Segundo o Gabinete de Cibercrime do MP, a campanha combina phishing e engenharia social. Os criminosos enviam mensagens por SMS ou email, de forma indiscriminada, fazendo-se passar por instituições bancárias.
Mensagens falsas em nome dos bancos
Nas mensagens fraudulentas, os destinatários são avisados de uma alegada transferência ou pagamento feito a partir da sua conta. A intenção é criar alarme e levar a vítima a acreditar que houve um acesso ilegítimo à conta bancária.
Depois, é apresentada uma suposta solução: clicar num link para resolver rapidamente o problema. No entanto, esse link encaminha a vítima para uma página falsa, criada para imitar o site oficial do banco.
Nessa página, são pedidos vários dados pessoais e bancários, incluindo elementos de identificação e credenciais de acesso à conta. Também é solicitado o número de telefone, que passa a ser uma peça essencial na segunda fase da burla.
Criminosos ligam às vítimas
Depois de recolherem os dados, os criminosos conseguem aceder à conta bancária da vítima, consultar movimentos e verificar o saldo disponível. Porém, em muitos casos, ainda precisam de ultrapassar o segundo fator de autenticação para realizar transferências.
É nessa altura que entram as chamadas telefónicas. Os burlões contactam a vítima e apresentam-se como funcionários da área de cibersegurança do banco, usando informações reais da conta para dar credibilidade à conversa.
Durante a chamada, dizem ter identificado um movimento suspeito de valor elevado. Quando a vítima nega ter feito essa operação, o falso funcionário oferece-se para anular ou reverter o movimento.
Segundo fator usado contra a vítima
Para concretizar a fraude, os criminosos pedem que a vítima confirme a suposta anulação através do segundo fator de autenticação.
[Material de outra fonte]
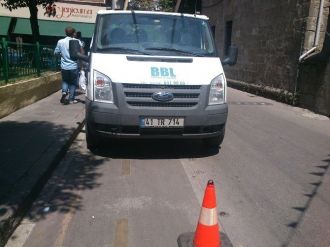 Bisiklet Yoluna Park Eden Yandı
Este pode ser um código recebido por SMS ou uma validação numa aplicação do banco.
Na realidade, essa confirmação não serve para anular qualquer operação. Serve para autorizar a transferência que os criminosos estão a tentar realizar a partir da conta bancária da vítima.
Assim que obtêm o código ou a validação necessária, os burlões conseguem aprovar a transferência e apropriar-se do dinheiro. De acordo com o MP, o objetivo destas campanhas é a realização de transferências monetárias muito avultadas.
Mensagens devem ser apagadas
O Gabinete de Cibercrime do MP recomenda que este tipo de mensagens seja ignorado e apagado, sem qualquer resposta. A mesma cautela deve ser aplicada a chamadas telefónicas em que alguém se apresente como funcionário do banco e peça códigos, validações ou dados pessoais.
O MP sublinha que as mensagens não são enviadas pelas instituições bancárias, nem partem de servidores pertencentes aos bancos ou geridos por essas entidades.
Quem já tiver facultado dados pessoais ou bancários deve contactar imediatamente o banco através dos canais oficiais habituais. Esta deve ser a primeira medida para tentar bloquear acessos, impedir movimentos indevidos e proteger a conta.
A recomendação principal é simples: nunca clicar em links recebidos por SMS ou email para resolver alegados problemas bancários e nunca fornecer códigos de autenticação por telefone. Em caso de dúvida, deve contactar diretamente o banco, usando os contactos oficiais.